> **PROMPT**
Hand back all records exactly, pictures omitted.

EXTRACTED RECORDS below:

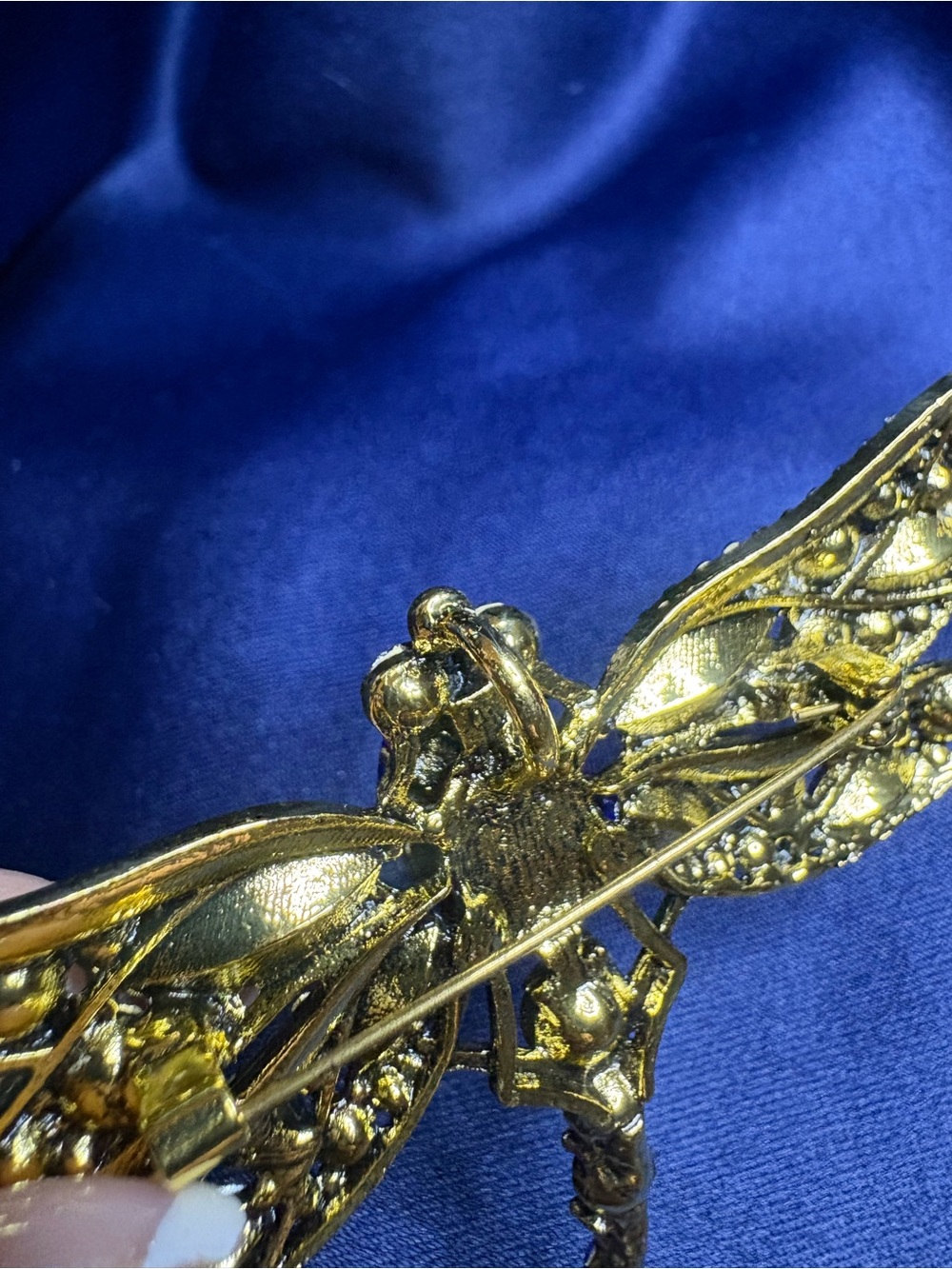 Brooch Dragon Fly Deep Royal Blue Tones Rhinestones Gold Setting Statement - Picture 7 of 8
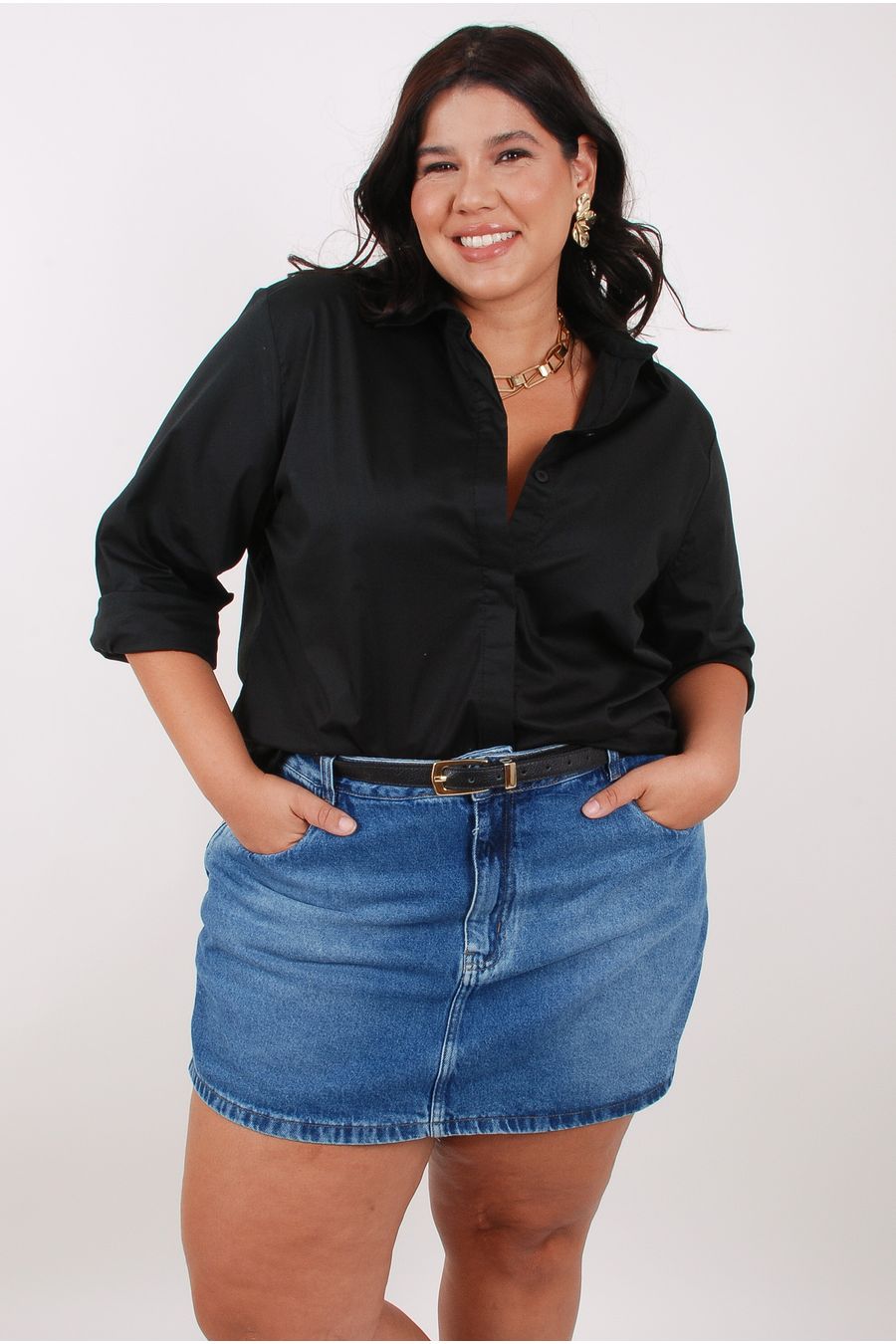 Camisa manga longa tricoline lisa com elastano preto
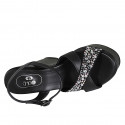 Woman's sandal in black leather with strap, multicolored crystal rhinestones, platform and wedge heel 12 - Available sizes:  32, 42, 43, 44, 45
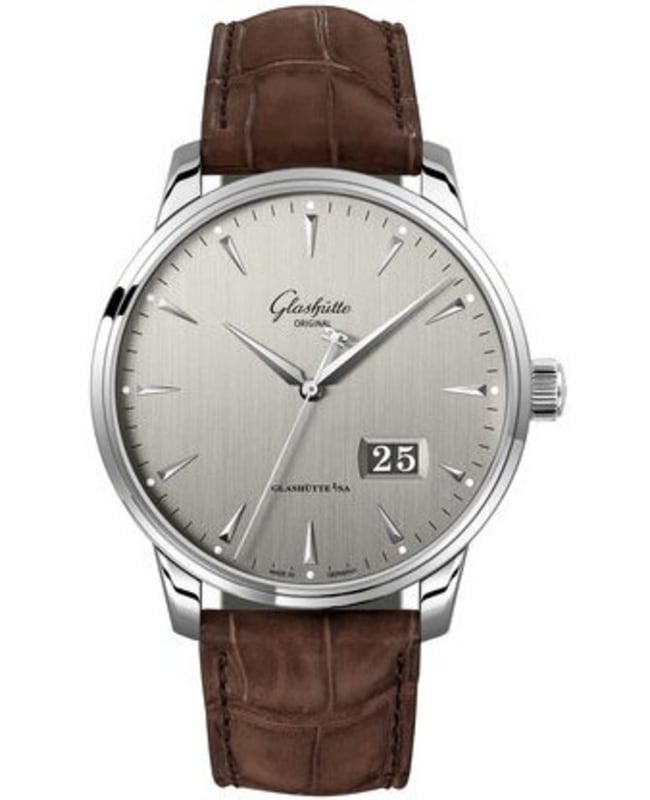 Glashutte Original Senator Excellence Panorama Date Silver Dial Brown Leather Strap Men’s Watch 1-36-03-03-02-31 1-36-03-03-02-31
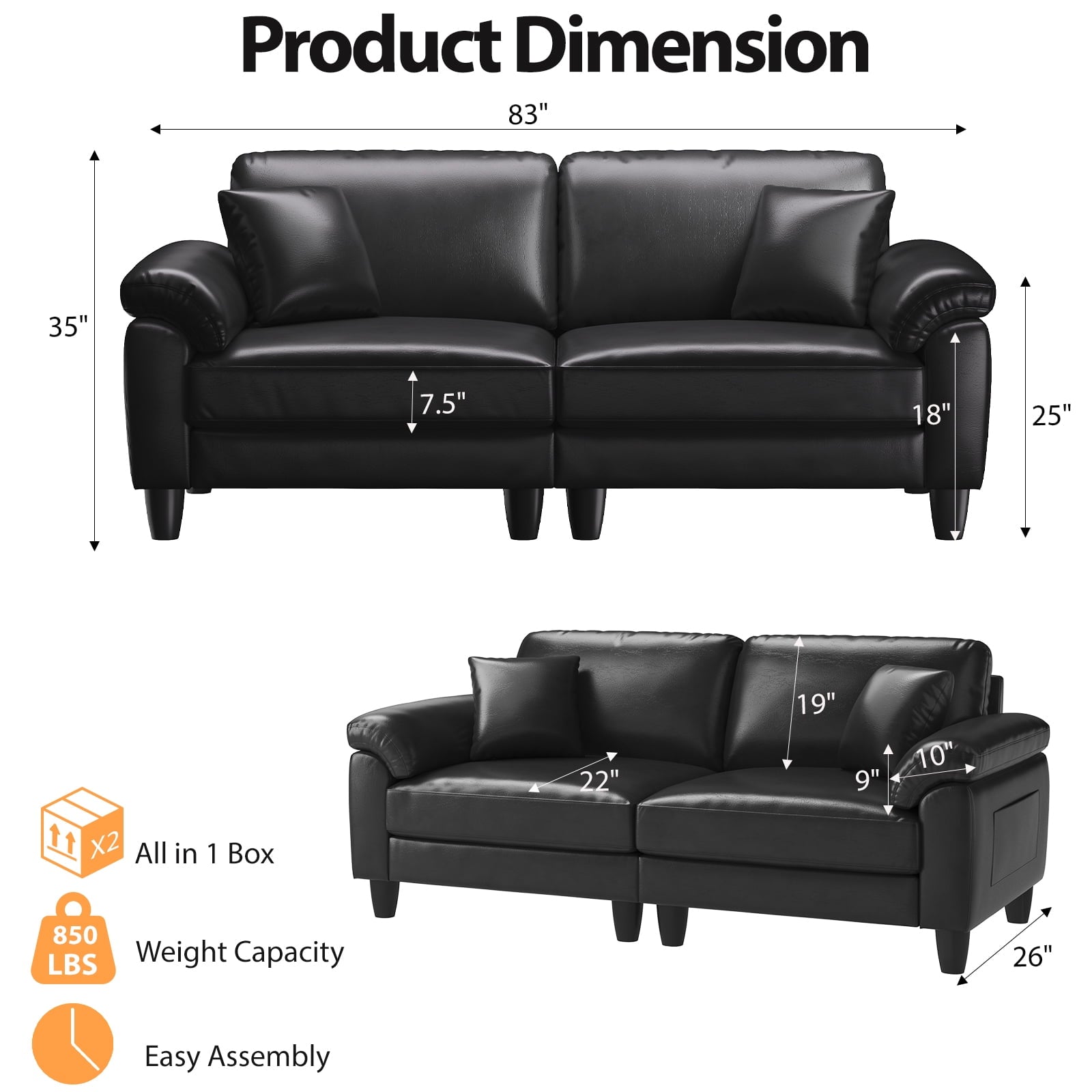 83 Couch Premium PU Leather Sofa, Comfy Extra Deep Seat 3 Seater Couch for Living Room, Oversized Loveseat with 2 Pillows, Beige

End of EXTRACTED RECORDS.

> **RESPONSE**
 Brooch Dragon Fly Deep Royal Blue Tones Rhinestones Gold Setting Statement - Picture 7 of 8
 Camisa manga longa tricoline lisa com elastano preto
 Woman's sandal in black leather with strap, multicolored crystal rhinestones, platform and wedge heel 12 - Available sizes:  32, 42, 43, 44, 45
 Glashutte Original Senator Excellence Panorama Date Silver Dial Brown Leather Strap Men’s Watch 1-36-03-03-02-31 1-36-03-03-02-31
 83 Couch Premium PU Leather Sofa, Comfy Extra Deep Seat 3 Seater Couch for Living Room, Oversized Loveseat with 2 Pillows, Beige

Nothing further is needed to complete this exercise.